The Federal Communications Commission recently opened public comment on the renewal of the broadcast license for WTXF-TV, a Philadelphia Fox affiliate—better known as Fox 29. Normally such a renewal would be a routine and hum-drum affair without public comment. However, this unusual move is being undertaken thanks to a petition from The Media and Democracy Project, which is asking the FCC to punish the station due to its affiliation with Fox News and controversy about news coverage questioning the legitimacy of the 2020 election.

This attempt to use government regulators to punish the exercise of First Amendment rights is disturbing, short-sighted, and an affront to the people of Philadelphia, the very birthplace of our Constitution.

One of the essential aspects of being a free people is the freedom of the press. It is not surprising that the First Amendment in the Bill of Rights explicitly protects Americans, and the press that serves them, from being silenced by the government. However, without a culture that values and defends these freedoms, the First Amendment becomes little more than ink on some old paper.

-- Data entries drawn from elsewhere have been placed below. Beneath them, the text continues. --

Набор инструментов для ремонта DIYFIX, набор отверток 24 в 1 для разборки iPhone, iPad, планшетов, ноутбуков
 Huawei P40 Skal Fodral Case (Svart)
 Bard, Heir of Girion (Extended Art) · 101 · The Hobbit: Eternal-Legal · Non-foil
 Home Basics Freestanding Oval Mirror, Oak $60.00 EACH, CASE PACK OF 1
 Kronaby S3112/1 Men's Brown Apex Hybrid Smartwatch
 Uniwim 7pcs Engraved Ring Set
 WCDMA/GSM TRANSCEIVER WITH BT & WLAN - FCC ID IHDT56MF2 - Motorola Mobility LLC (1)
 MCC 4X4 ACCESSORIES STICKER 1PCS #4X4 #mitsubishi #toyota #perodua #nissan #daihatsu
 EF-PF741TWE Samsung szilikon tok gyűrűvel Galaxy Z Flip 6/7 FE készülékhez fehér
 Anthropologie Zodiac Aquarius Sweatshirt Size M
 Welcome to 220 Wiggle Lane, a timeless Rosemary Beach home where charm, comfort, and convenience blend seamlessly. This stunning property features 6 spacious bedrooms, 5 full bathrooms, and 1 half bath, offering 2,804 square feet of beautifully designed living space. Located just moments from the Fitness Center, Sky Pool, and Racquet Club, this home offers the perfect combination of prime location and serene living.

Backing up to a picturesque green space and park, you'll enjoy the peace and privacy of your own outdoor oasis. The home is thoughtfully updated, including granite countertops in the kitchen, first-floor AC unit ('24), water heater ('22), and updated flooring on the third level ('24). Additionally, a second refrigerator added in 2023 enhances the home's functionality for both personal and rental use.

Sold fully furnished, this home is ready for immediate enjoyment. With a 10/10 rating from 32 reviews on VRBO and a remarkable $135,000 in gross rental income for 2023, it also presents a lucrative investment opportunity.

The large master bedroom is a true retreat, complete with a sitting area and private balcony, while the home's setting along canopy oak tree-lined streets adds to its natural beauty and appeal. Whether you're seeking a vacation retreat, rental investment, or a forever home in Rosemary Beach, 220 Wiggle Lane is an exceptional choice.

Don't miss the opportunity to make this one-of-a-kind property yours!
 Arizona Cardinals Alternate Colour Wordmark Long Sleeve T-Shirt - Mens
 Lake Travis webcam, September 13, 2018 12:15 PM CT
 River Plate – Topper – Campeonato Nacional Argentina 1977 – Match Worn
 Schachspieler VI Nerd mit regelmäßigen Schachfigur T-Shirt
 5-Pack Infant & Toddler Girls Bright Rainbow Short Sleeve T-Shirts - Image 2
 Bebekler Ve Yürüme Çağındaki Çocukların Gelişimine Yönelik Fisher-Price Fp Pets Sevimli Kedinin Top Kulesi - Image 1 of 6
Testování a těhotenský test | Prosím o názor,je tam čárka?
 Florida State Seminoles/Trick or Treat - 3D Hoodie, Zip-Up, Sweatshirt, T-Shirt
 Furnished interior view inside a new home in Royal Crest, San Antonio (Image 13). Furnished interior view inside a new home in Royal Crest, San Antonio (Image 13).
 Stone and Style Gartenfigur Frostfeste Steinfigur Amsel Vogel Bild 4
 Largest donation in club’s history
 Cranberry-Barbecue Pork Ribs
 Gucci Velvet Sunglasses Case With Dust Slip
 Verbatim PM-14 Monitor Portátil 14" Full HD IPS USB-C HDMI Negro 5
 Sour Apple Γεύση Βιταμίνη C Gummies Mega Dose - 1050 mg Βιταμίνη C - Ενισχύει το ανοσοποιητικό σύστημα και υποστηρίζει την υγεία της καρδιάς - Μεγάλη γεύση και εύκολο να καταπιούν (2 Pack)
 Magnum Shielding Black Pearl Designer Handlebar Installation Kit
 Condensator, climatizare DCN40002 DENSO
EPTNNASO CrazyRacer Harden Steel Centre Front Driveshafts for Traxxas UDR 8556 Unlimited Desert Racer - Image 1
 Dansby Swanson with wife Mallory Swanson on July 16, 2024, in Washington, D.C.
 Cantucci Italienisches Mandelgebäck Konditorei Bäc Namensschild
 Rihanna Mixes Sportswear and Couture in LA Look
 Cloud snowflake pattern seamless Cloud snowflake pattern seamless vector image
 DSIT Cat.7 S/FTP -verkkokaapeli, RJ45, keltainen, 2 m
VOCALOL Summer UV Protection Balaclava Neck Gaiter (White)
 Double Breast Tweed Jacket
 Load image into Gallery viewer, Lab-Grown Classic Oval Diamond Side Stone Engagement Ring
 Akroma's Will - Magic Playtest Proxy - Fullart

The fact that supposedly pro-democracy activists are seeking to weaponize the government to punish people they disagree with, and the fact that the FCC has decided to open the issue to public comment, demonstrates just how fragile our cherished freedoms are. What’s even more unusual in this case, is that the FCC hasn’t even announced how long it will be receiving comments—a procedural omission that lacks transparency. Add in the fact that the complaint is over merely one single hour of programming each week, the Fox News Sunday program carried by Fox 29. It is hard to interpret this move as anything but an attempt to dissuade other broadcast media from airing views with which The Media and Democracy Project, or anyone else able to raise a fuss, disagrees. What’s worse, failing to renew Fox 29’s license would also deprive Philadelphians of the Eagles’ Sunday games.

Beyond being fundamentally anti-American, this attempt to weaponize a regulatory agency to silence the press is extremely short-sighted. Today there is a Democrat president and a Democrat head of the FCC. Eventually there will be a Republican president and a Republican head of the FCC.

Up until now, FCC heads of either party have been explicit that the FCC does not have the authority to revoke a license based on the editorial content of the station. In response to calls by then-President Donald Trump to censor media that he disagreed with, the former Republican head of the FCC, Ajit Pai, stated in 2017 that “under the law, the FCC does not have the authority to revoke a license of a broadcast station based on the content…the FCC under my leadership will stand for the First Amendment.” The current head of the FCC, Democrat Jessica Rosenworcel, has stated that licensing renewals do “not involve the government making editorial decisions about content. Doing so would be an affront to our First Amendment tradition.”

If this bipartisan consensus on regulatory neutrality is lost,  there will be nothing to stop future presidents, of either party, from weaponizing the FCC to punish critics and incentivize favorable press coverage. The Media and Democracy Project may be displeased with Fox, but attempting to take out that displeasure via the government is opening a Pandora’s Box that assures only future strife and the further breakdown of the pro-free speech norms that are at the heart of our republic.

Ultimately, the assumption upon which this complaint rests is perhaps the most insulting and worrisome aspect of this entire ordeal. Complaining that Fox 29 aired falsehoods, and therefore must be punished by the government, is really saying that Philadelphians, viewers in the Delaware Valley, South Jersey and Delaware are too ignorant to look at the evidence and decide for themselves what they think is true and what is false and need guidance from “wise” bureaucrats who obviously know better.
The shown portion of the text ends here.